- _Exercise input_:
- - - -

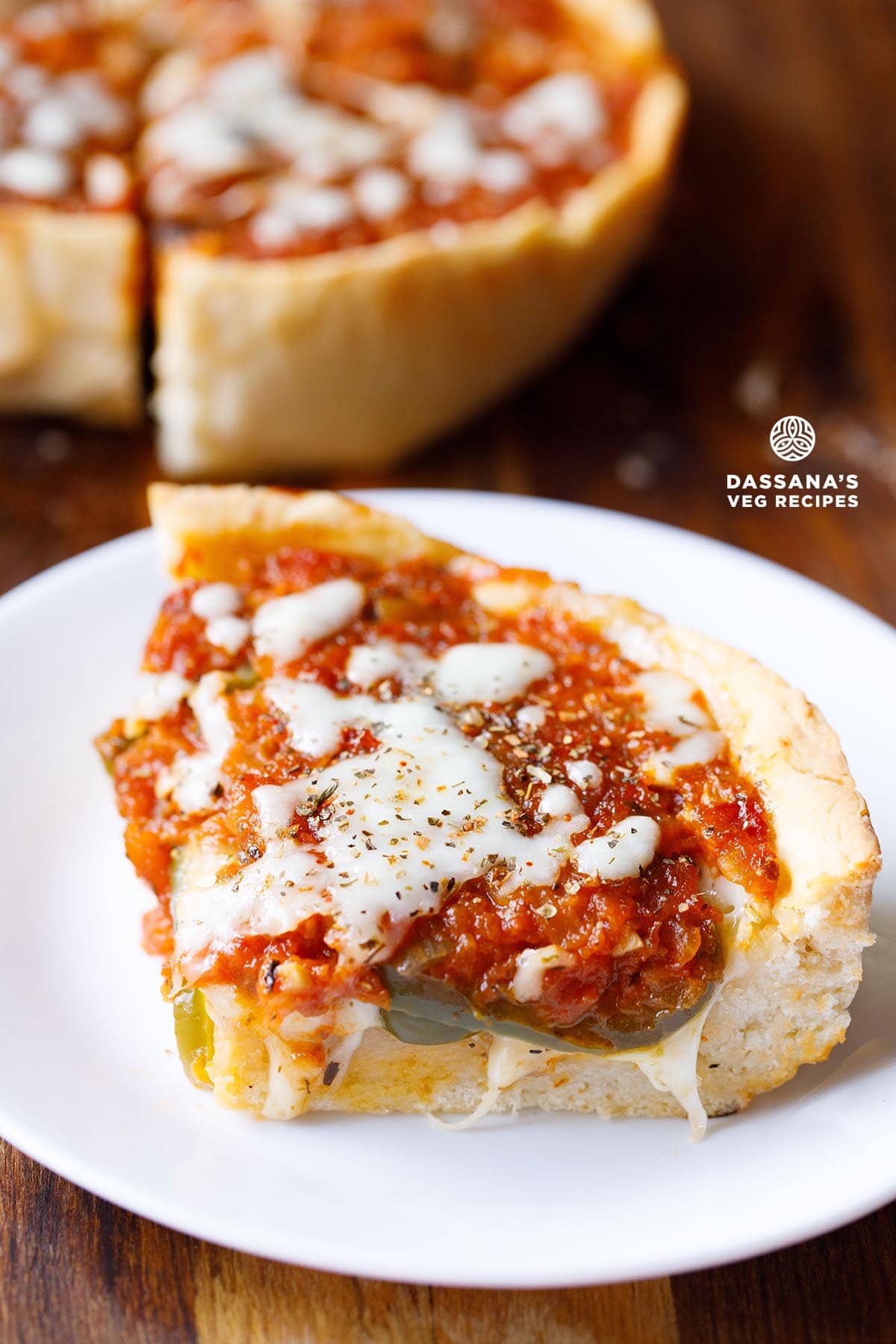 Slice of cheesy deep dish pizza.
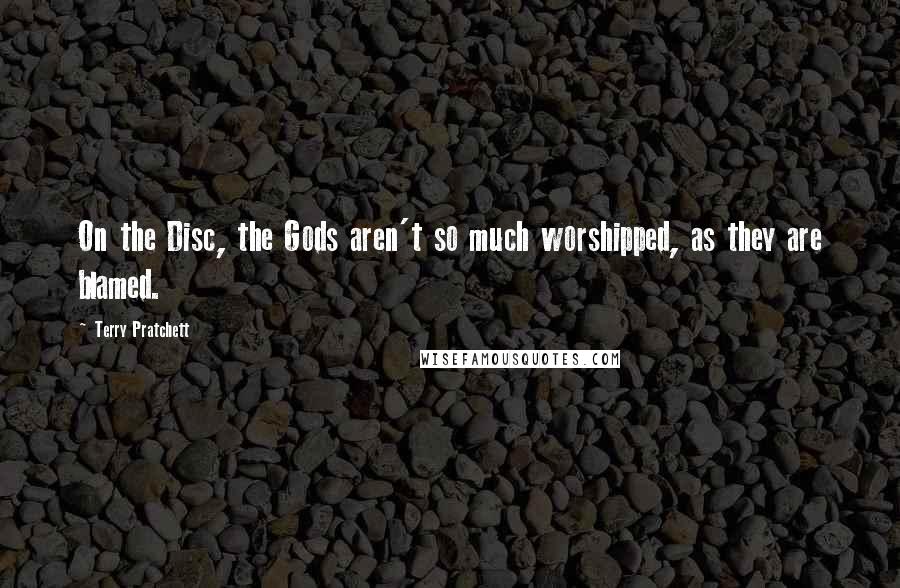 Terry Pratchett Quotes: On the Disc, the Gods aren't so much worshipped, as they are blamed.
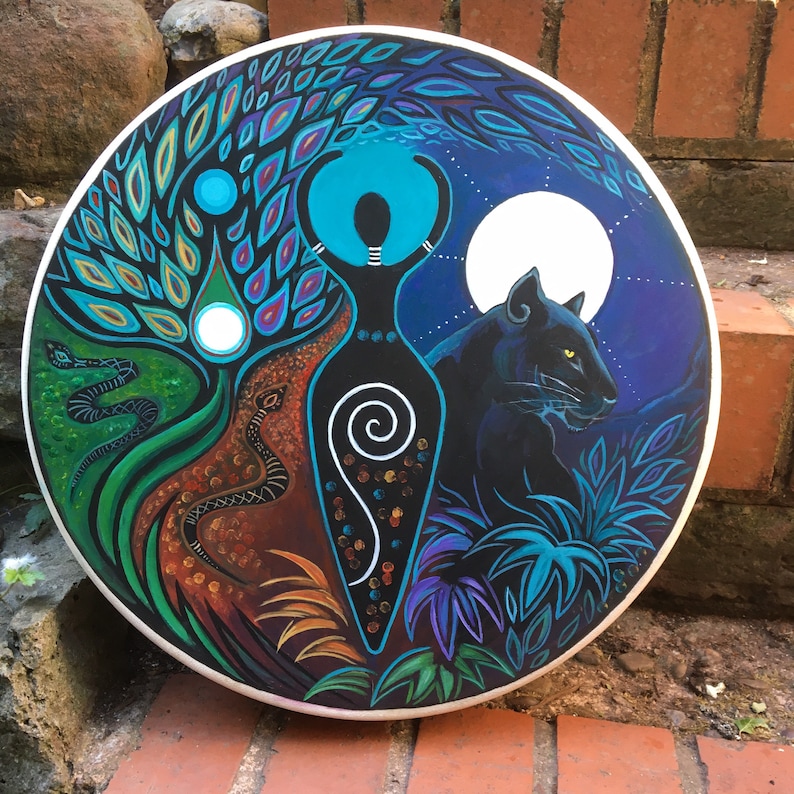 May include: A circular, hand-painted artwork depicting a central female form with raised arms, a tree, and a panther. The piece uses blues, greens, and browns, with a white border. The design incorporates symbolic imagery, with a full moon in the background.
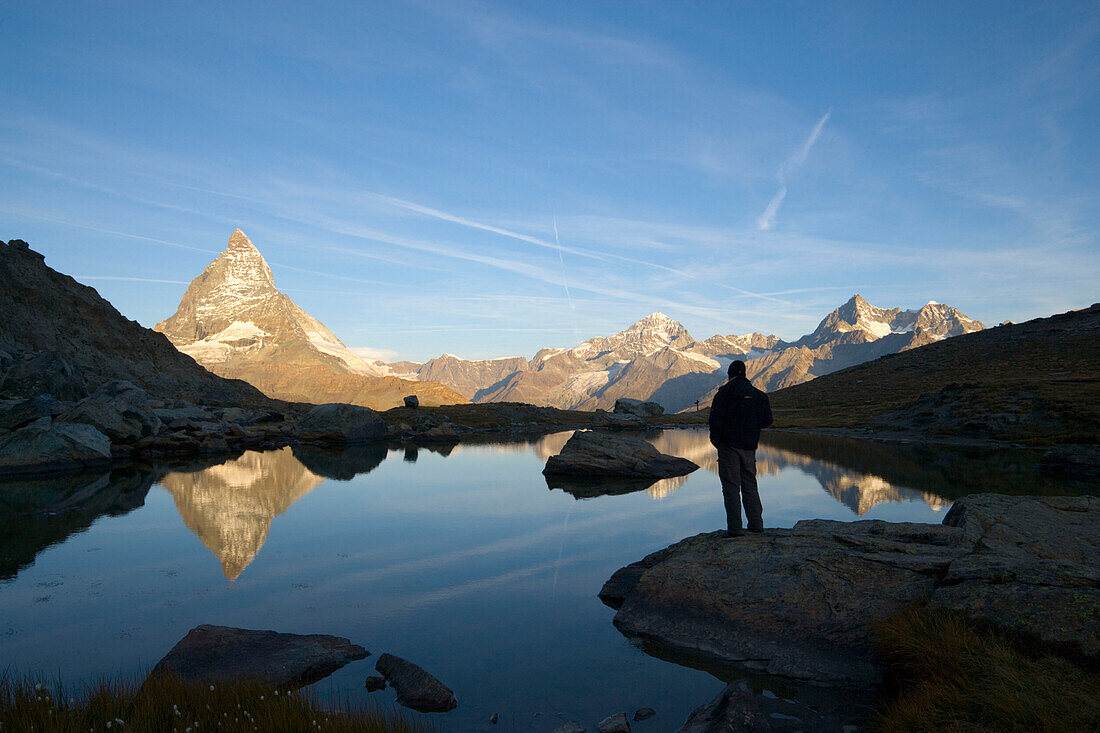 Person watching reflection of the east side (Hörnligrat) of Matterhorn (4478 m) in Riffelsee, Zermatt, Valais, Switzerland
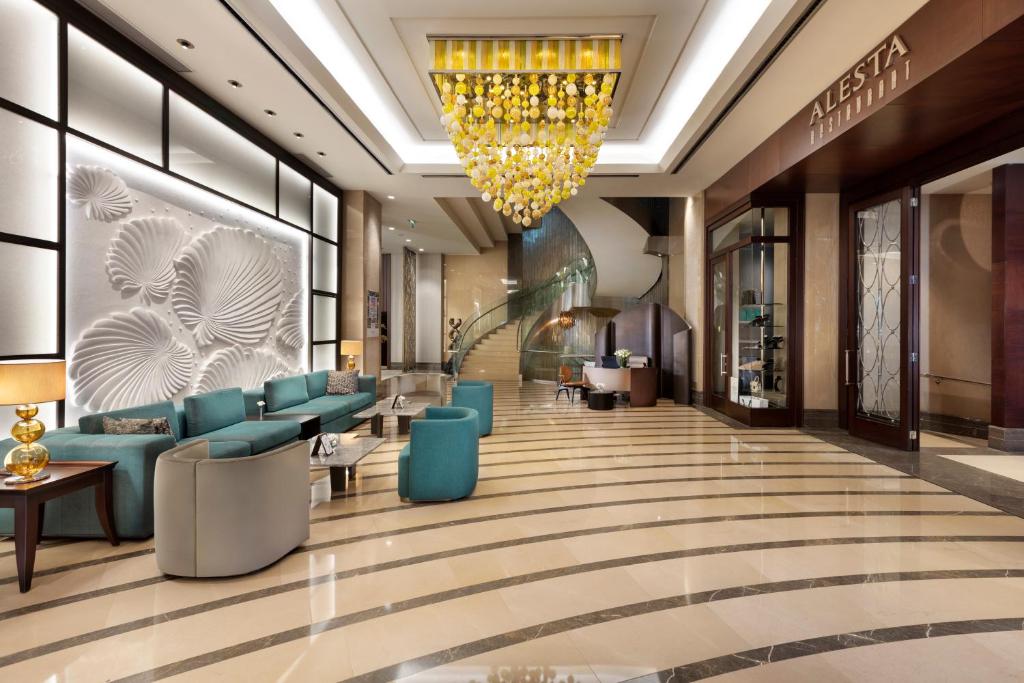 un vestíbulo de un hotel con sillas azules y una lámpara de araña en Titanic Business Kartal en Estambul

- - - -

- _Assignment_: Omit every picture, and please return the entries exactly from the first line through the line with "Terry Pratchett Quotes: On", both included.

- _Worked solution_:
 Slice of cheesy deep dish pizza.
 Terry Pratchett Quotes: On the Disc, the Gods aren't so much worshipped, as they are blamed.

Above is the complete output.